Now that his house was going up in flames, the reddish light made it seem like Hell’s midday had come early, and I could see a great throng of hellfolk hurrying up the hill toward me from the surrounding city. I was just looking around for something to use as a weapon when the first of them reached me and sprinted past, hurrying toward the disaster. They just kept coming, more and more, shouting, honking, making noises I don’t have words for. Some hopped and some flew (although not well enough to write home about) and others teeter-tottered along on mismatched legs, but none of them gave me much more than a glance. The stolen robe helped, and I guess I wasn’t burned enough to be worth staring
at.
I fought my way against the throng like a queer salmon in spawning season, trying as hard as you’d guess to avoid body contact, but still getting speared, smeared, or dusted every few steps. Very few of the creatures pushing past me seemed upset or frightened by what was happening. In fact, to judge by the hundreds of deformed faces I saw, most seemed downright thrilled, and the rest were at least interested. I don’t think the commissar had a lot of fans.

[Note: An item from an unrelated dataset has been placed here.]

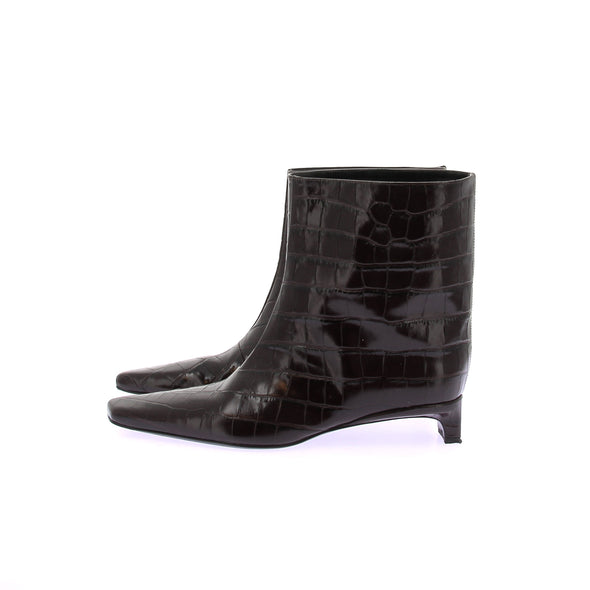 Bottines à talons "Carla"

I pushed free of the worst of the mob at last and hurried down to the base of the hill. There were still residents in the narrow streets of Gravejaw, demons and damned who couldn’t just drop their business to go watch something fun. Many were blind, and some had sensory organs so alien they might not even have realized what was going on. Others clearly just couldn’t move fast enough. I passed a thin man hopping slowly along the road waving his right hand as I passed him. Only when I turned to look back did I realize that he only had a right: he had been bisected from head to crotch like a medical cadaver being prepared for one of those see-through views, and was hopping on one foot, trying to balance that thin half body and half head with his single arm. As I looked back, I could see his exposed organs and brain flash wetly as he wobbled.
Creatures like salted slugs, like toads with bone disease, or broken-winged birds, many with heads too big for the bodies or bodies too big for the heads, I hurried past them all, trying not to see too much but still seeing more than I wanted. The lower part of Gravejaw was built on a series of small hills, and following the tiny streets up and down was like being on the world’s only human-powered roller coaster. I ran through half the city, it seemed, out of the center and into outer districts where trading and torture went on side by side, as if it were any other night. Even this far away, the ones with eyes must have been able to see the burning castle on the hilltop but none of them seemed to care very much. The only comment I heard was from a mostly skeletal, three-eyed giant with a hammer who was carefully crushing the shinbones of a chained prisoner in front of what must have been a very strange shop: He looked up to the hilltop as I hurried by and said to his companion, who was digging at the same prisoner’s eye with a spoon, “It’s burning good. Burning real good.”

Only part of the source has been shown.